Cite as: http://hdl.handle.net/11858/00-001M-0000-0019-A8B4-7
Abstract
Substrate channeling is a process by which two sequential enzymes interact to transfer a metabolite (or intermediate) from one enzyme active site to the next without allowing free diffusion of the metabolite. Channeling is thought to play an important role in metabolic regulation and cellular modulation of enzymatic activities. Although there are numerous examples of sequential enzyme pairs in glycolysis and other biosynthetic pathways that are thought to exhibit channeling, this is as yet controversial. Tryptophan synthase is considered the best example for an enzyme displaying channeling behavior between subunits. Tryptophan synthase is an alpha 2 beta 2 tetrameric enzyme complex, which catalyzes the last two steps in the biosynthesis of L-tryptophan. The alpha subunit catalyzes the cleavage of indole-3-glycerol phosphate to indole and glyceraldehyde-3-phosphate; the beta subunit catalyzes the condensation of indole with serine to form tryptophan, in a reaction mediated by pyridoxal phosphate. The inability to trap free indole in the steady-state reaction and analysis of the kinetics of single turnover reactions have led to the postulate that indole may pass directly from the alpha to the beta site without diffusion through solution (Demoss, J. A. (1962) Biochim. Biophys. Acta 62, 279-293; Matchett, W. M. (1974) J. Biol. Chem. 249, 4041-4049). The crystal structure of tryptophan synthase from Salmonella typhimurium has provided additional support for substrate channeling by elucidating a 25-A hydrophobic tunnel connecting the two catalytic sites (Hyde, C. C., Ahmed, S. A., Padlan, E. A., Miles, E. W., and Davies, D. R. (1988) J. Biol.
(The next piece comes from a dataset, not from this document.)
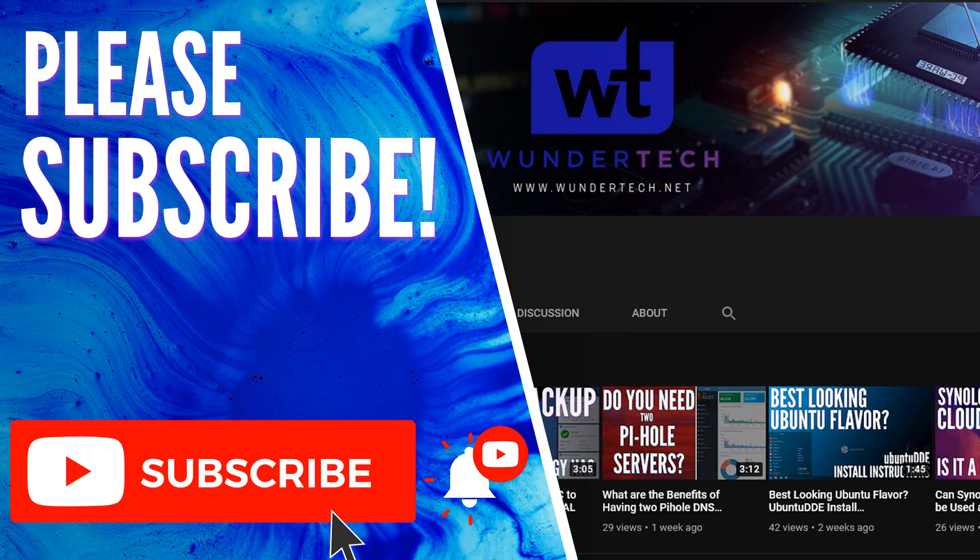So thank you very much for watching the video. If you have any questions, feel free to leave them in the comments. If this video did help you out, please give it a thumbs up and please consider subscribing to the channel. If you like this type of content. Thanks guys.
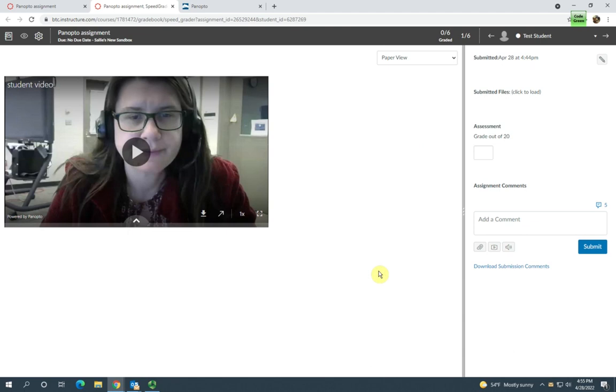That's it. If you have any questions about how to create a Panopto assignment, you can contact eLearning. Thank you for listening.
Chem. 263, 17857-17871). The structure suggests that mutation of a residue lining the tunnel to a more bulky residue might impede or block the passage of indole during catalysis thus enabling detection of indole during a single enzyme turnover. A mutant of tryptophan synthase has been prepared in which one of the residues lining the tunnel, beta Cys-170, has been replaced with a bulkier tryptophan residue. Kinetic and structural analyses of the beta C170W mutant by rapid chemical quench methods and x-ray crystallographic analysis show both the transient formation of indole and the obstruction of the tunnel, thus providing direct evidence for the substrate channeling mechanism.